• **WHAT YOU HAVE TO DO**
From the line that contains "LED Kweeklamp |" down to the last line of the listing below, reproduce each line exactly but not the pictures.

• **DATASET CONTENT**
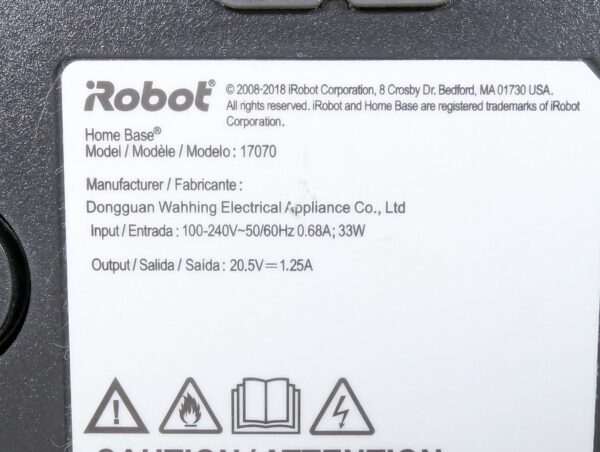 iRobot Roomba Home Base Charging Station Model 17070 Compatible 600 800 900 S...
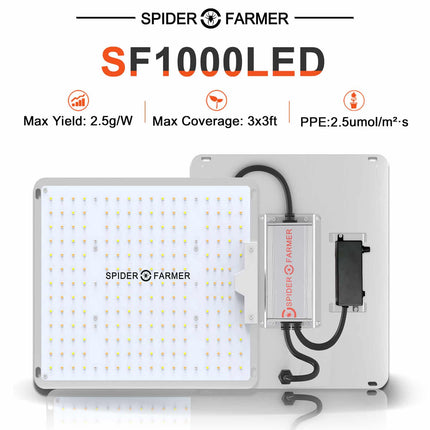 LED Kweeklamp | Spider Farmer | SF-1000, 100W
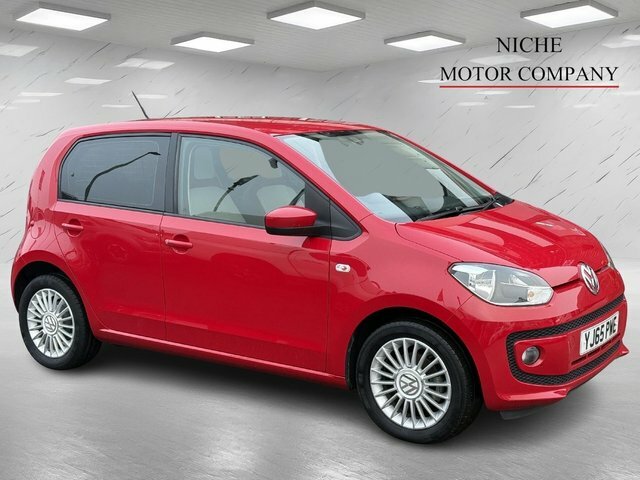 Volkswagen Up High Up Hatchback YJ65PWE Red #6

• **TASK ANSWER**
 LED Kweeklamp | Spider Farmer | SF-1000, 100W
 Volkswagen Up High Up Hatchback YJ65PWE Red #6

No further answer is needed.